The list goes on, as the user expectations for a car as well as regulatory mandates (rear-view camera, advanced braking mechanisms, to cite a few) add to the complexity, weight, and power requirements but have little or no use in the air. For flying, many of the primary requirements are counter to those of the car, and some are actually counterproductive rather than just tolerable.
(Please note that when I say flying cars, I mean just that and not air taxis. There’s been a lot of interest lately in electric-powered short-hop air taxis with dozens of start-ups, and while those may not come to fruition, they do have a singular functional focus (see References 2 through 4.)
So why the enthusiasm for the flying car? I suspect it’s because at least “on paper” it sounds like a great idea, even if you ignore issues of managing airspace and related operational issues. The issue is this: can you build a single vehicle that meets our minimal current standards for cars and also small aircraft?
I think that’s an almost unresolvable conundrum even with our advanced electronics, materials, modeling tools, and more. The reality is that trying to do both will likely kill the project’s viability despite how attractive it seems in theory.
Sometimes it does work
There are cases where combining two functions does bring that much-desired 1+1>2 synergy effect; the basic digital multimeter (DMM) for measuring voltage, current, and resistance is an obvious one (Figure 3).

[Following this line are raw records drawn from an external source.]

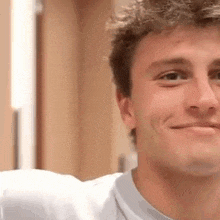 a close up of a man 's face smiling while looking at the camera .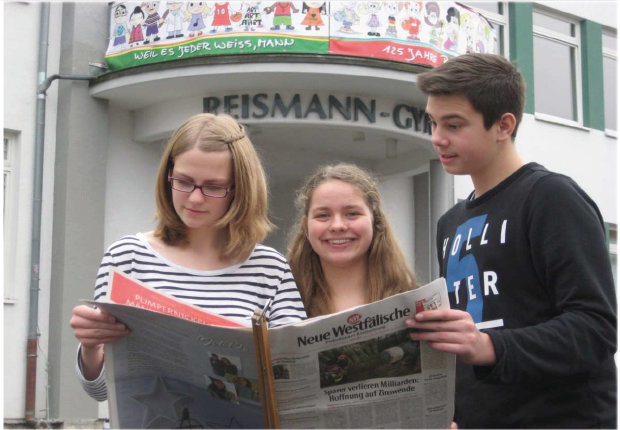 Drei Jugendliche schauen gemeinsam in die Tageszeitung "Neue Westfälische vor dem Eingang ihrer Schule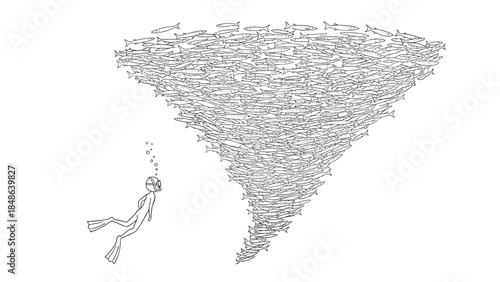 Diver observing a twisting school of fish in underwater ocean scene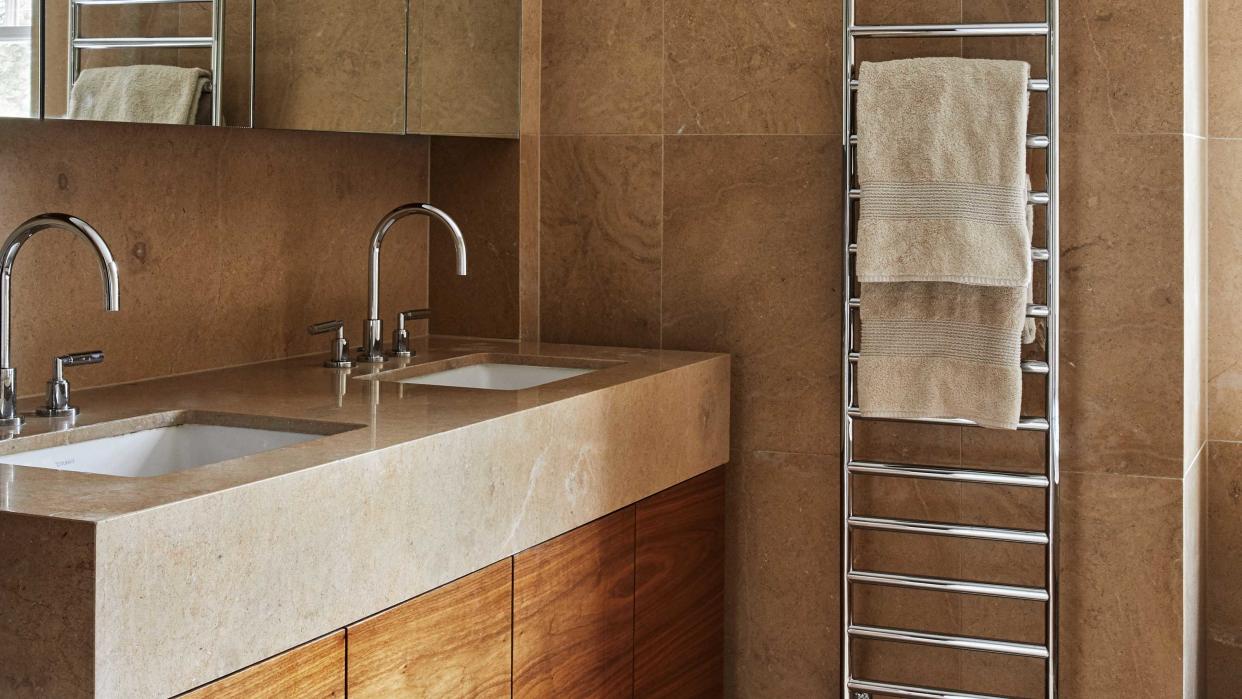  bathroom with warm neutral tiles and countertops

There are also oscilloscopes that merge their traditional time-domain function with a frequency-domain spectrum analyzer capability. This minimizes front-panel and bench-top space and reduces the number of leads and internal complex front-end circuitry. At the same time, the ability to look at both domains simultaneously and have the two functions share data can really enhance the test and measurement process.

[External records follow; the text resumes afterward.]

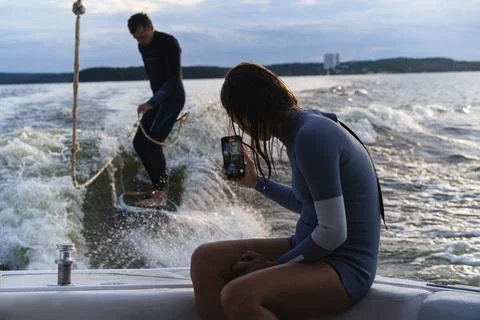 Man wake surfing on lake while woman films him during sunset Photos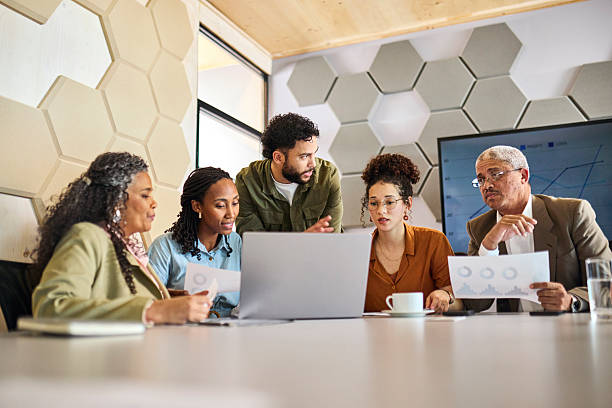 istock Diverse Business Team Huddling Over Laptop and Documents for Strategy 2253353855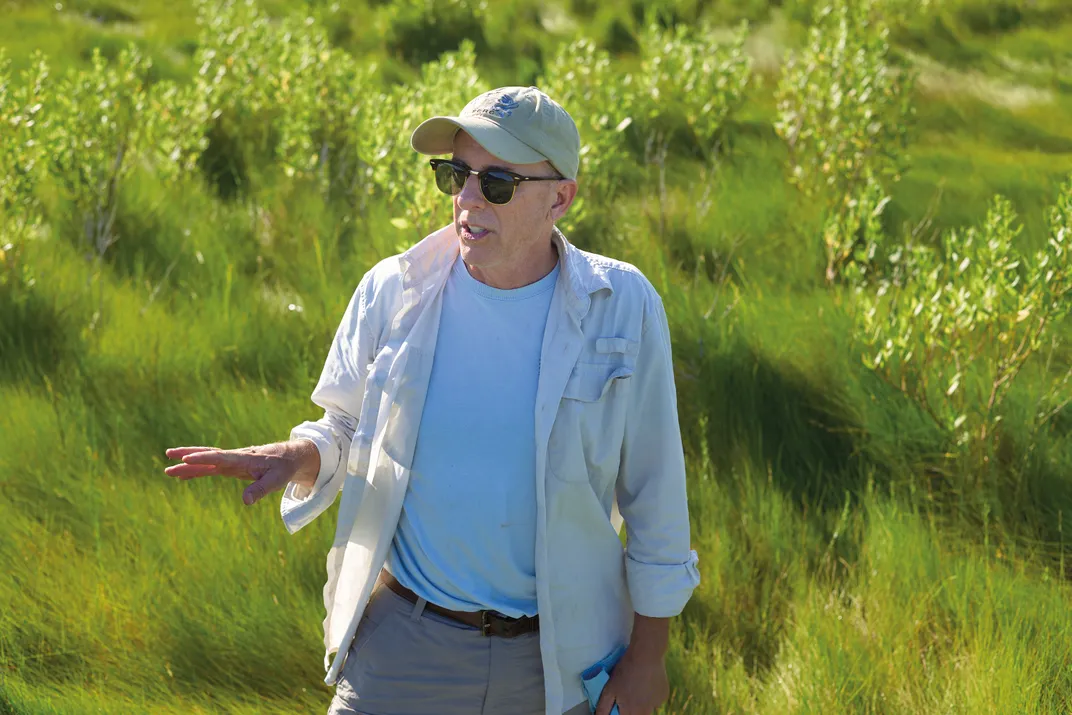 a man with a ball cap and sun glasses stands in a salt marsh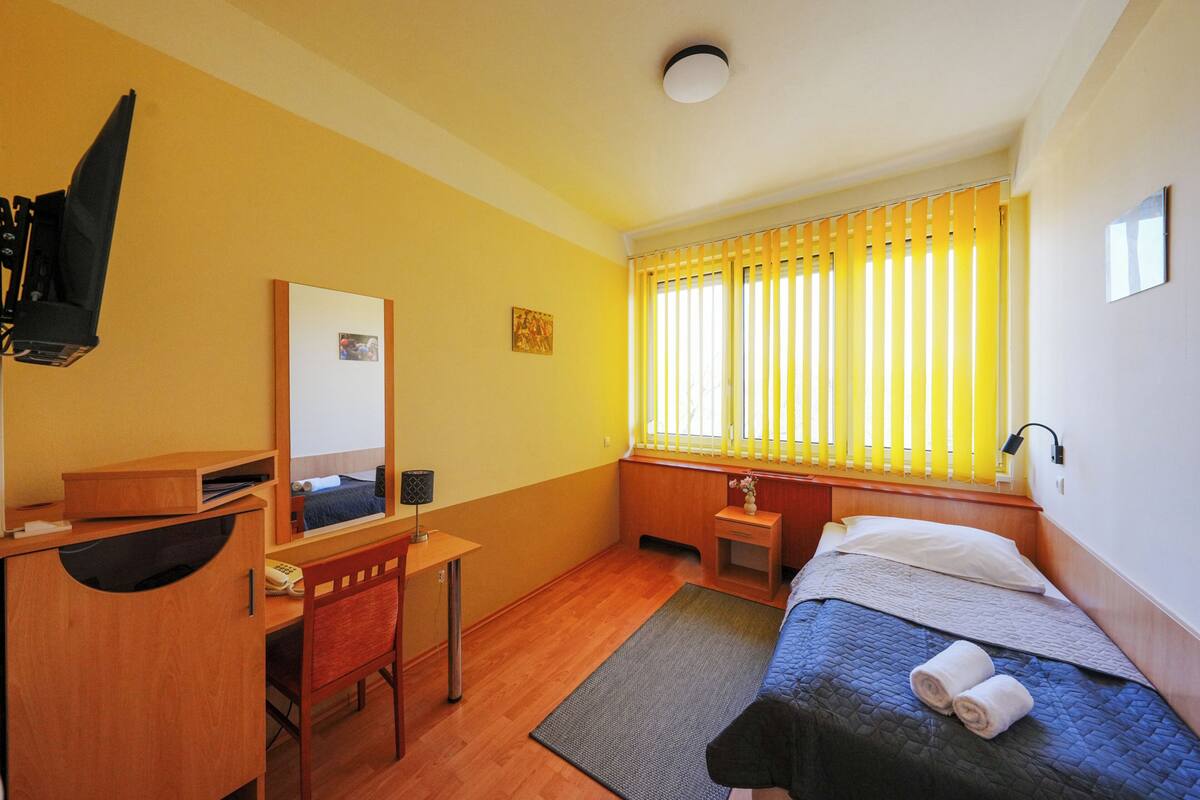 A hotel room with a bed, desk, chair, and a window with blinds.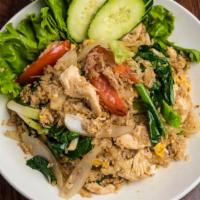 Khaosan Thai Fried Rice · Gluten-free. Fried jasmine rice, egg, tomato, Chinese broccoli, yellow and green onions. Add...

But that is often not the case. After all, if you were doing some furniture assembly at home, you’d probably prefer a dedicated single-function screwdriver to the multifunctional, very popular Leatherman (Figure 4). The latter is optimized for minimizing weight and size, while the former is optimized for performance at one specific task. Those are legitimate tradeoffs to consider for a given project.
An excellent example is the development and evolution of lunar lander from the Apollo moon missions. The original plan was to have the third stage of the Saturn launch vehicle be the lander and return capsule. It would go to the moon and land (actually, it would back down), and the astronauts would then use that same third stage to blast off for the return trip. That multipurpose third stage would provide life support, navigation, and communication, plus a heat shield for reentry as well.
But as the planning team went through the details and numbers, they could not get the physics or operational issues to “work.” That third stage would be too heavy, too encumbered, and too unwieldy to be a lander, liftoff, and return-trip vehicle all in one. John Houbolt, working on his own at great career risk, proposed and championed the radical idea of instead using a super-light, disposable lander optimized solely for landing from the lunar module orbiting the moon, returning them from the surface to that orbiter.
Once that decision was made – and it was a very long battle to make it so (see EE World Related Content, Items 1 and 2) – the entire frame of reference and engineering “mindset” for the lander’s design changed completely. It could now be an ultralight, flimsy, ungainly, non-aerodynamic, and disposable unit that could barely stand on its own on Earth, as it no longer had to meet so many conflicting goals (Figure 5). The entire engineering basis shifted dramatically and decisively by focusing on a much more limited set of objectives.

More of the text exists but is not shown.